Nusa Penida Ditargetkan 100 Persen Green Iland di Tahun 2030, Bupati Satria ; Sudah Mulai Tahun 2024

Penggunaan mobil listrik di mulai di Pulau Nusa Penida, menuju green energy. foto/kabarbali.id

KLUNGKUNG, KABARBALI.ID – Pemerintah Kabupaten Klungkung memasang target tinggi untuk menyulap kawasan wisata Nusa Penida menjadi pulau hijau (green island). Bupati Klungkung, I Made Satria, menegaskan komitmennya untuk menggenjot elektrifikasi kendaraan dengan target ambisius: pada tahun 2030, seluruh sepeda motor dan mobil yang beroperasi di Nusa Penida wajib berbasis energi listrik.

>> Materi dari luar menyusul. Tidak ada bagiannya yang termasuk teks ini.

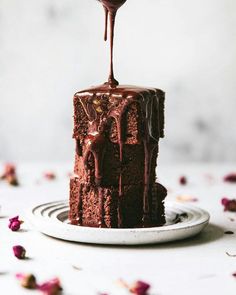 a piece of chocolate cake is being drizzled with chocolate sauce on top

Bupati asal Dusun Sental Kangin, Desa Ped ini menjelaskan bahwa peta jalan menuju green island mencakup tiga pilar utama, yakni green energy, green mobility, dan green ecosystem.

Pihaknya menargetkan minimal 100 unit kendaraan listrik sudah mulai mengaspal di Nusa Penida pada tahun 2026 ini sebagai stimulan.

Langkah awal megaproyek ini ditandai dengan penandatanganan nota kesepahaman (MoU) antara Pemkab Klungkung bersama PT Riline Velocity Express (RVE) dan PT Bank Mandiri (Persero) Tbk di Nusa Penida, Selasa (14/7/2026). Untuk klaster pengembang, Pemkab menggandeng PT Inako untuk penyediaan motor listrik dan PT RVE untuk mobil listrik.

“Untuk mewujudkan itu kami mulai dari green energy, kemudian green mobility dan green ekosistem. Green energy sudah dimulai tahun 2024 dengan dibangunnya PLTS dan itu akan kami lanjutkan sampai terpenuhinya kebutuhan 100 persen. Bertahap akan kami kurangi atau tiadakan listrik bertenaga diesel di Nusa Penida,” ujar Bupati Satria, Selasa (14/7/2026) lalu.

Program green mobility ini nantinya akan diterapkan secara menyeluruh di tiga pulau, yakni Pulau Nusa Gede, Lembongan, dan Ceningan. Pihak pemkab meyakini transisi radikal ke kendaraan listrik ini menjadi kunci utama demi melahirkan iklim pariwisata Bali yang berkualitas dan berkelanjutan.

Namun, di balik optimisme tersebut, target ini dinilai banyak pihak terlalu terburu-buru dan menghadapi tantangan mahaberat di lapangan. Hingga saat ini, ambisi tersebut belum diimbangi dengan kesiapan infrastruktur dasar. Kualitas jalan raya di Nusa Penida masih banyak yang memprihatinkan, dan keberadaan Stasiun Pengisian Kendaraan Listrik Umum (SPKLU) masih sangat minim.

Tak hanya itu, regulasi daerah yang mengikat belum disusun secara jelas. Ekosistem pendukung roda bisnis kendaraan listrik, mulai dari ketersediaan bengkel khusus, pasokan suku cadang, hingga jaringan dealer resmi juga belum menyentuh pulau seberang ini, sehingga berpotensi menyulitkan para pelaku industri pariwisata lokal yang menjadi motor penggerak di lapangan. (Sta-Kab).